Júlio Maria recoloca a questão da missão num contexto histórico, relembrando sua importância para as religiões e para a mentalidade moderna. Tanto as religiões quanto o capitalismo acabariam por tornar a missão uma imposição sem sentido e sem possibilidade de ser plenamente realizada. Na verdade, a norma social, como celebrada pela tradição, obriga a pessoa a se conformar a certos papeis e assumir certas responsabilidades. Essa conformação é vista, na sociedade moderna, como a matriz de uma vida sufocada por tarefas opressoras e contrárias à plena realização do ser humano. Trata-se de um longo processo histórico de descoberta do “eu” e do próprio direito à felicidade.

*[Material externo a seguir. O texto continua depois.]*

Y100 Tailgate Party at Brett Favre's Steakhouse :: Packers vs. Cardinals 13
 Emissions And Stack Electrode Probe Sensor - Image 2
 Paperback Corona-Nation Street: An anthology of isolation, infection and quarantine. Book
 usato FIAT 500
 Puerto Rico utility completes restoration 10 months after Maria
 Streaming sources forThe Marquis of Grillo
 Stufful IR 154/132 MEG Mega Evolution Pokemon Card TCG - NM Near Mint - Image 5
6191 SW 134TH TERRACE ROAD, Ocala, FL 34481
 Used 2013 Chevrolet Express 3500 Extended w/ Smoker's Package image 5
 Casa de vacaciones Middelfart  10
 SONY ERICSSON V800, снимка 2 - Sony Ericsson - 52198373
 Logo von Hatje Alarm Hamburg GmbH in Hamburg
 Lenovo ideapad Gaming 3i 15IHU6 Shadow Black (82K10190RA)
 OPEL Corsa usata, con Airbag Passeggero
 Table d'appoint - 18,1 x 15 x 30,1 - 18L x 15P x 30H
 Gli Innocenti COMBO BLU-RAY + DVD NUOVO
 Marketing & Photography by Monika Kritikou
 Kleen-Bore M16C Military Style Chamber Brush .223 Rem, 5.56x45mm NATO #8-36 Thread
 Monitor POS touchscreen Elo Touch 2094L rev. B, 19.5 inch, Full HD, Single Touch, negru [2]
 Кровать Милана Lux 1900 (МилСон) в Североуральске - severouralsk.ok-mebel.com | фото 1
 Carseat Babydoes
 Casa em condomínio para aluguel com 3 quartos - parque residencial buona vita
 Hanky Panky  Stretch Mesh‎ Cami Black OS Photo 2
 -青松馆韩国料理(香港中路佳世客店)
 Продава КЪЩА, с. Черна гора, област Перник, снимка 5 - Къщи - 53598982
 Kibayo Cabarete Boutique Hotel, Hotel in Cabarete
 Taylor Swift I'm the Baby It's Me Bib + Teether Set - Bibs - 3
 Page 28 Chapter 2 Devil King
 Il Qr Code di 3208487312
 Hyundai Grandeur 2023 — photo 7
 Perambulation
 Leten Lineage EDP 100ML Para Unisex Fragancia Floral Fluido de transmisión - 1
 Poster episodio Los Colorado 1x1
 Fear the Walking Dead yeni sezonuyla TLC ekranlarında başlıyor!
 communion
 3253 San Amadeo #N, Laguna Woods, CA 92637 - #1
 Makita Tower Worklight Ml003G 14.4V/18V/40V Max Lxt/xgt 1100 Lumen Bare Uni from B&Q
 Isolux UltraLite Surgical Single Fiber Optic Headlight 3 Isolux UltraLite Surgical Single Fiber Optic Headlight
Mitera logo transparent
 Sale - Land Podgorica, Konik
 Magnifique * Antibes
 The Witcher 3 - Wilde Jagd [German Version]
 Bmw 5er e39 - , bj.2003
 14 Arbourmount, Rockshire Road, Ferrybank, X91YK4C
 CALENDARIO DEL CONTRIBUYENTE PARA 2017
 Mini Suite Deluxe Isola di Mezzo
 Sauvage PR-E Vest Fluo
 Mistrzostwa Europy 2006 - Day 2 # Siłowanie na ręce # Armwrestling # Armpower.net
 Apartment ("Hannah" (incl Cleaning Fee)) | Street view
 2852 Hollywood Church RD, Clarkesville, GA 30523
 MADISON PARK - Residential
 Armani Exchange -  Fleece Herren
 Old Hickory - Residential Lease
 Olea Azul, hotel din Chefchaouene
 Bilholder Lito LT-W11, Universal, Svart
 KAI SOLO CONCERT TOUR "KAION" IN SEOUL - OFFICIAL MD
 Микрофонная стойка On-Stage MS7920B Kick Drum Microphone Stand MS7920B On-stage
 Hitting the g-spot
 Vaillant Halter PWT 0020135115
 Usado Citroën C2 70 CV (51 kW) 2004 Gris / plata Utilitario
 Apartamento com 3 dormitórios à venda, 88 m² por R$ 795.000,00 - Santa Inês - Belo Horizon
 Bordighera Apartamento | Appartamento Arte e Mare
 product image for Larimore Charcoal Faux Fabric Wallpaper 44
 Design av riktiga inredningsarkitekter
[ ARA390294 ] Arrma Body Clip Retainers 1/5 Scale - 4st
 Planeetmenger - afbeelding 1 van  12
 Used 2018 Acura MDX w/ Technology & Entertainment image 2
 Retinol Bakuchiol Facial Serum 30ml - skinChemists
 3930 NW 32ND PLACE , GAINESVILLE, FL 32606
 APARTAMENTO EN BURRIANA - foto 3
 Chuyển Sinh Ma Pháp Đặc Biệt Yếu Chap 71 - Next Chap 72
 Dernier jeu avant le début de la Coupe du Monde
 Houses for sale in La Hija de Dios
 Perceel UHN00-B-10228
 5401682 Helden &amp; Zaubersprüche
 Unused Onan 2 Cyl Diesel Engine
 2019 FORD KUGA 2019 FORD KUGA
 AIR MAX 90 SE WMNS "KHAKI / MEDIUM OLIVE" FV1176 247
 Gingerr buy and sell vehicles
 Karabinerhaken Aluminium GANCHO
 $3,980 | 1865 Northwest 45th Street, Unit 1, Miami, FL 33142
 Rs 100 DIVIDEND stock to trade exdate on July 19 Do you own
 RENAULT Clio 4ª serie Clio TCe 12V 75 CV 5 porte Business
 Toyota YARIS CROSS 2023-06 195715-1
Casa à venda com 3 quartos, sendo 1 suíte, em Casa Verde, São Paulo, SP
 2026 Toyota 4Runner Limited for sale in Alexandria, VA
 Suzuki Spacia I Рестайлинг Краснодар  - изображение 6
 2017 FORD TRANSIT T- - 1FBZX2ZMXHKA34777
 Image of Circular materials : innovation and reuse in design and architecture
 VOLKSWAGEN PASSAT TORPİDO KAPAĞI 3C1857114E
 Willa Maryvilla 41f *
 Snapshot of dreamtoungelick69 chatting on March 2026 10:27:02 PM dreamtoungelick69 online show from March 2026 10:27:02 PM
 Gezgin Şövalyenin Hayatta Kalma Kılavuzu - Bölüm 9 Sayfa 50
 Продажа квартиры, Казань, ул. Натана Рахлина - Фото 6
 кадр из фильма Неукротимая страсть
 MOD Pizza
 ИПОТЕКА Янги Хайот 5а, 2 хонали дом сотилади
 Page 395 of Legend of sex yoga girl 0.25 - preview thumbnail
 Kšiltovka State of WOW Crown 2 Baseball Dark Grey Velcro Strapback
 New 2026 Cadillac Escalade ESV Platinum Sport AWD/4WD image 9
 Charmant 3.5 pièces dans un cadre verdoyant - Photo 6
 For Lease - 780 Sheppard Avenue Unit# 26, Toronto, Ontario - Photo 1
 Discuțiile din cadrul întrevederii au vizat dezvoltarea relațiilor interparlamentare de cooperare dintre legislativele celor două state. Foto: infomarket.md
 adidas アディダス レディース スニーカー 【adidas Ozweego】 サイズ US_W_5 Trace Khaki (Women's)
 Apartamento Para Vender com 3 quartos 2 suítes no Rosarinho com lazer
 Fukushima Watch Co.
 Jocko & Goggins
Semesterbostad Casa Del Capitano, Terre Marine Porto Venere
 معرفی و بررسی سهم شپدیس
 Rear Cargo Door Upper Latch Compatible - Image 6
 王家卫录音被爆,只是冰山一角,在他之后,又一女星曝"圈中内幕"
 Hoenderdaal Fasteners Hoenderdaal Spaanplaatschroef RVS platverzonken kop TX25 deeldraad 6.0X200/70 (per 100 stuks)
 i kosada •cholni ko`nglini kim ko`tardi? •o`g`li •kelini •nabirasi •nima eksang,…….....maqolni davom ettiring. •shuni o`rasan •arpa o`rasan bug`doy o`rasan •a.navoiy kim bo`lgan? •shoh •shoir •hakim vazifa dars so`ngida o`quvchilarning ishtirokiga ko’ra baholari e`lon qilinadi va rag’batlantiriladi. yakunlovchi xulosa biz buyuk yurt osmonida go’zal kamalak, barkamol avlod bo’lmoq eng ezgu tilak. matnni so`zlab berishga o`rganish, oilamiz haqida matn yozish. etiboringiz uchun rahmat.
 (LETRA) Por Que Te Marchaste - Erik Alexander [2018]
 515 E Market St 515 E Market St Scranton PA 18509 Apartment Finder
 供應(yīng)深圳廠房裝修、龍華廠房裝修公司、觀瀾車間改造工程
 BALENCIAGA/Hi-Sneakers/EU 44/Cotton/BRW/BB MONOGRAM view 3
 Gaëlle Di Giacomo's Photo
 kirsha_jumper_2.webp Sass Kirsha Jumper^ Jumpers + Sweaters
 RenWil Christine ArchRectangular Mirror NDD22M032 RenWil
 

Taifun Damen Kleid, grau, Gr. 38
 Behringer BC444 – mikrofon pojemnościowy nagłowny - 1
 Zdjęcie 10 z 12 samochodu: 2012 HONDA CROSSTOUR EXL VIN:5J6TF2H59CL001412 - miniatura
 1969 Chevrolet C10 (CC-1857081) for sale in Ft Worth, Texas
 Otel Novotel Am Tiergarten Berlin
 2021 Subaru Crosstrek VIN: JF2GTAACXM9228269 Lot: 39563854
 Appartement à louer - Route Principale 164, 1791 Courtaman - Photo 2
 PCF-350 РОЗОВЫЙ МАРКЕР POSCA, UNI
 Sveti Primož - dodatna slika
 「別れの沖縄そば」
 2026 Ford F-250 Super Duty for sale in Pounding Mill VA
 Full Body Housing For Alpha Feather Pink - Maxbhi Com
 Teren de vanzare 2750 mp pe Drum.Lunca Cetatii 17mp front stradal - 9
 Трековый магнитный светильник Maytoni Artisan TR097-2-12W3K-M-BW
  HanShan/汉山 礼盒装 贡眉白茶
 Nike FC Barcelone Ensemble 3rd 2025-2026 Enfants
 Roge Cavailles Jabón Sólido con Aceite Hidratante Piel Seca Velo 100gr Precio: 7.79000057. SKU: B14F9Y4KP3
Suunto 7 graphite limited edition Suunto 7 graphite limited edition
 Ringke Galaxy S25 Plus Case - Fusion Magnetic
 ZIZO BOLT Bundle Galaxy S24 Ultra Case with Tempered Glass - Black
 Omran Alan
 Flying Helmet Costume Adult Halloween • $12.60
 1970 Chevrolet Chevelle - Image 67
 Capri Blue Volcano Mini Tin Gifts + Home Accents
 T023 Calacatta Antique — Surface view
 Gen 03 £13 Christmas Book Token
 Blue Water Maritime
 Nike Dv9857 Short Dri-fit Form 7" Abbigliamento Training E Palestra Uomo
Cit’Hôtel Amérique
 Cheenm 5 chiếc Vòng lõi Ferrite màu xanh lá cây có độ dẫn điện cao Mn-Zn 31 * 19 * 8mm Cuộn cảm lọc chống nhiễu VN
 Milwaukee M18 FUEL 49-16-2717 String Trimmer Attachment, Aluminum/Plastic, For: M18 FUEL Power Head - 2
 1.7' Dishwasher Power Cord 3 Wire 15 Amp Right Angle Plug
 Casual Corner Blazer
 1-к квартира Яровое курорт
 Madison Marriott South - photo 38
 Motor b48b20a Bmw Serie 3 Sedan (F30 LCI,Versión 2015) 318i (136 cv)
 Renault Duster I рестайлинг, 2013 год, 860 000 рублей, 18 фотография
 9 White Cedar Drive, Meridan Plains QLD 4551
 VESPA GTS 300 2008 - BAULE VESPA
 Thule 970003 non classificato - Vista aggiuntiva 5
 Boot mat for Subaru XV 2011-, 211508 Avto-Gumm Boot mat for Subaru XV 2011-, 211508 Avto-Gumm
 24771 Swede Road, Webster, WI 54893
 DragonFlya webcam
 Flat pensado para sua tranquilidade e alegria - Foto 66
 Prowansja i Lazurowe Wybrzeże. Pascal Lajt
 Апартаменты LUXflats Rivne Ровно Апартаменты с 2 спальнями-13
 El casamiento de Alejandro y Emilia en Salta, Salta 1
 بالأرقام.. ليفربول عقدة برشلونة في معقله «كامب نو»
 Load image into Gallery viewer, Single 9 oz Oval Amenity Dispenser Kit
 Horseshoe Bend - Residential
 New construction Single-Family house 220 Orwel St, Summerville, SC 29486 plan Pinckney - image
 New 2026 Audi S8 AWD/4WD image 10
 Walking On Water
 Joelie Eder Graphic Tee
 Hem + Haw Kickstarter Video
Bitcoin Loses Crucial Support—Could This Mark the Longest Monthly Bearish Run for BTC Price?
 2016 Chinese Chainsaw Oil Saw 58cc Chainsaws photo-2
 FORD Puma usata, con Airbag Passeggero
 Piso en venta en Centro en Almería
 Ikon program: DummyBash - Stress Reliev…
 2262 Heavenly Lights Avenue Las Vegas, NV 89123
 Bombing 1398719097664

Contudo, o diabo, expulso pela porta, entra pela janela, como diz o ditado popular. Agora, a missão não é mais servir à sociedade e ao bem comum, e sim se tornar feliz e realizado. Ser um “vencedor” na vida se tornou uma obrigação. Não há lugar para os fracassados, novos párias de nossa sociedade. E, de fato, o capitalismo e o mercado souberam aproveitar-se muito bem dessa mutação, fazendo com que as pessoas trabalhassem sem descanso para “vencer na vida” e consumissem sem parar para demonstrar seu êxito. As redes sociais se consagraram como passarelas para a alegria e a boa vida, mesmo que nos seus bastidores continue o choro e a amargura.

 

A falta de amor

O grande problema, e aqui está o cerne da questão, é que a missão – assim como sua irmã, a vocação – não realizam a pessoa se não são respostas a um grande amor, um gesto de gratidão que sempre será menor do que o dom recebido. É a grandeza do amor recebido que preenche a lacuna entre o tamanho da missão e nossa incapacidade de realizá-la plenamente, que tira do sacrifício o sentido de sofrimento e o ressignifica como doação, que faz normas e obrigações serem vividas como espaços de realização da própria humanidade.

Mas desaprendemos tanto a amar quanto a sermos amados. Para muitos, o próprio cristianismo parece mais uma realização de fariseus estoicos do que de apóstolos cheios de contradições, mas fascinados pelo amor e pela vida que o Mestre lhes transmitia, dedicados a corresponder à alegria do amor Daquele que havia morrido por eles. Se não testemunhamos a missão como a resposta alegre ao amor, realmente temos que aceitá-la como uma imposição que dificilmente nos realizará – mas então, a vida será penetrada pelo grande vazio, que não vem da imposição de uma missão, mas da falta de um amor.